*EXERCISE BRIEF*: From the listing below, copy only the lines from the line that contains "A modern kitchen" to the line that contains "I'm Manifesting Frog", counting those two lines as part of the copy.

[Opening ENTRIES SHOWN section]

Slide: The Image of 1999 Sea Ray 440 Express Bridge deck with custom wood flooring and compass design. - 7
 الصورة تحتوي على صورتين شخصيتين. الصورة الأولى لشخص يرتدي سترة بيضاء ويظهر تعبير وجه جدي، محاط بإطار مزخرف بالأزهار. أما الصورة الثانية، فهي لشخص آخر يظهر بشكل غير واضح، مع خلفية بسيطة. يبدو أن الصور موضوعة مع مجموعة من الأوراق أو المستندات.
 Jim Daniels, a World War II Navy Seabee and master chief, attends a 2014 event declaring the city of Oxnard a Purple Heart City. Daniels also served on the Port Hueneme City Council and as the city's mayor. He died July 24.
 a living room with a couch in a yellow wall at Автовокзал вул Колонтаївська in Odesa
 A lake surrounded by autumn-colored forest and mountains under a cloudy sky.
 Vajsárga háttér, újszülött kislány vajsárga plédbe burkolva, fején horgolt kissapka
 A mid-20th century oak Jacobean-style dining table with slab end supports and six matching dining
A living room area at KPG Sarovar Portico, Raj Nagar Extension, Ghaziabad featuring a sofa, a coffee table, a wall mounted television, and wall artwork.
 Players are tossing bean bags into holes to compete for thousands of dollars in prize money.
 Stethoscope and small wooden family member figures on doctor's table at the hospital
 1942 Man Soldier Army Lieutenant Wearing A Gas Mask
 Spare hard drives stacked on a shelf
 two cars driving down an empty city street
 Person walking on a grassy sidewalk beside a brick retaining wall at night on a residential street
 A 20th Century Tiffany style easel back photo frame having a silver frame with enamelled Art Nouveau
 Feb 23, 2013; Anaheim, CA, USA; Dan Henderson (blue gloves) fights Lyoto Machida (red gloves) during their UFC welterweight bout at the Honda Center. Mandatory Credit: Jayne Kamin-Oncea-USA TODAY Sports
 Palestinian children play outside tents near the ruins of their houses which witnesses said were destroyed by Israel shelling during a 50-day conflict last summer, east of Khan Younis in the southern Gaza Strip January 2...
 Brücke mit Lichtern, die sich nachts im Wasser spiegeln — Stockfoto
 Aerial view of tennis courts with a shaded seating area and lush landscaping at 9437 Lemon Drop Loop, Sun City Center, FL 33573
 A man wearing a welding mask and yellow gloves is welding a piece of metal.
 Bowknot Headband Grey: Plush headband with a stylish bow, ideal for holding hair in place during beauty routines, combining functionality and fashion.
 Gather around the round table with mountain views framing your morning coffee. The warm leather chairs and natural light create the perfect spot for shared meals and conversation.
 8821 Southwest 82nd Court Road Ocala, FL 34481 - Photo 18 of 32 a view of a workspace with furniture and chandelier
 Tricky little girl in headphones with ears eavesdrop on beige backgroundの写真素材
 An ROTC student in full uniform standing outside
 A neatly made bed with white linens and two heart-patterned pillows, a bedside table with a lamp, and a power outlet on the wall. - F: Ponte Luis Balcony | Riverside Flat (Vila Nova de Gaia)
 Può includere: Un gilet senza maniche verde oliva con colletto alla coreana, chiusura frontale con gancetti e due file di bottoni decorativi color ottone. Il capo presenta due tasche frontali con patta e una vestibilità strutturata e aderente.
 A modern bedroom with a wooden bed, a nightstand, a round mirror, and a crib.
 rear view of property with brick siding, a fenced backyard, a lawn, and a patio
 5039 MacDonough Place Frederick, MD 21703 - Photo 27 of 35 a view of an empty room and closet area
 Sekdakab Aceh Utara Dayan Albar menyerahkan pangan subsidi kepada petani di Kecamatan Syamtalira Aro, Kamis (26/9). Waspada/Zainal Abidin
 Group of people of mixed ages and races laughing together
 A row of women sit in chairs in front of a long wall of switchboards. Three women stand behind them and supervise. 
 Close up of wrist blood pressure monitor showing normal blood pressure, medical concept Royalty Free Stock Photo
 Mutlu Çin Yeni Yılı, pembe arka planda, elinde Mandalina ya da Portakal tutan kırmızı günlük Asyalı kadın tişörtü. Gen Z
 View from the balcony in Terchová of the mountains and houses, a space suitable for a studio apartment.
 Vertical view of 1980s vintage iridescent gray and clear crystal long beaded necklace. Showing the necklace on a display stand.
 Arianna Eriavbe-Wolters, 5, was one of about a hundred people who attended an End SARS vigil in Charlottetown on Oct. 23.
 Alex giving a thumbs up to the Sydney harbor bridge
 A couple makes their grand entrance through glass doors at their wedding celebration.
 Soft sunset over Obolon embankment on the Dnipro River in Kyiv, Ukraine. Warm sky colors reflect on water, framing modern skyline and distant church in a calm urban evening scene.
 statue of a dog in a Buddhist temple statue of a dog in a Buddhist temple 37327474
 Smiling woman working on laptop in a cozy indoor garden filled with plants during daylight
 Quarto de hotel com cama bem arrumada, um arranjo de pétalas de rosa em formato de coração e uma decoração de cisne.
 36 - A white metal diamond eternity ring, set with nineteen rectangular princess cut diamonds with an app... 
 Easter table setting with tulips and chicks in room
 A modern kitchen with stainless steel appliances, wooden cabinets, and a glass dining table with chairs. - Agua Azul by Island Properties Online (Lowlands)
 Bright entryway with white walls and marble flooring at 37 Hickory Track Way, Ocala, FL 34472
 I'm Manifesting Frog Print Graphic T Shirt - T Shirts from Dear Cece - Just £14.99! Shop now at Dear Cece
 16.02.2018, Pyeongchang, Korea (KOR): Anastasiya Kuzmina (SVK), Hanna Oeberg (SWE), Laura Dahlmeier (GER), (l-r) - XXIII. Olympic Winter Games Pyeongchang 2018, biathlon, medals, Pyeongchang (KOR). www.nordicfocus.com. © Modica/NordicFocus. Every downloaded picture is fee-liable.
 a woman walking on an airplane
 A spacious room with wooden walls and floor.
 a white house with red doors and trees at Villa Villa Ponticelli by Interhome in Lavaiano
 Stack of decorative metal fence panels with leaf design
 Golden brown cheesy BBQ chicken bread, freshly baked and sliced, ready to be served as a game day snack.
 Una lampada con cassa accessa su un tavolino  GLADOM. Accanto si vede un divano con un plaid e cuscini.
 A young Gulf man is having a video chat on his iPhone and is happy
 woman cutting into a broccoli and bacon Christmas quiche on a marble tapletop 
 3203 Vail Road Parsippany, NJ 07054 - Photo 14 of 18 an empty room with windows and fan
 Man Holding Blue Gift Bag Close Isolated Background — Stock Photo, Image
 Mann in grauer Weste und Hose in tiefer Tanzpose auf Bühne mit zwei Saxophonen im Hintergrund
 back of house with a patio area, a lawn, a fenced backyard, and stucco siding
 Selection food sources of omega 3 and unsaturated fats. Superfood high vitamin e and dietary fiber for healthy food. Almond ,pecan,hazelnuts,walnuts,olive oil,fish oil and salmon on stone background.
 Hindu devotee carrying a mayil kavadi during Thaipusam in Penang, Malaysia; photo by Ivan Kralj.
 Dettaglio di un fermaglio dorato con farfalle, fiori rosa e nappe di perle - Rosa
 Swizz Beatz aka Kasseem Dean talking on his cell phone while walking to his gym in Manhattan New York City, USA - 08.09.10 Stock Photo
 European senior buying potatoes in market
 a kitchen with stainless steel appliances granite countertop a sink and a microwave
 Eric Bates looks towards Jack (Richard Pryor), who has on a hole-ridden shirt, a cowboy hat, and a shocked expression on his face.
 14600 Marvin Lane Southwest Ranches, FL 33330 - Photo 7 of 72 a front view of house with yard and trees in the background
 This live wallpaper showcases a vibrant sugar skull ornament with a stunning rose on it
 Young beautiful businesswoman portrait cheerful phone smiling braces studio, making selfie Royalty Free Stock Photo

[Closing ENTRIES SHOWN section]

*COMPLETED EXERCISE*:
 A modern kitchen with stainless steel appliances, wooden cabinets, and a glass dining table with chairs. - Agua Azul by Island Properties Online (Lowlands)
 Bright entryway with white walls and marble flooring at 37 Hickory Track Way, Ocala, FL 34472
 I'm Manifesting Frog Print Graphic T Shirt - T Shirts from Dear Cece - Just £14.99! Shop now at Dear Cece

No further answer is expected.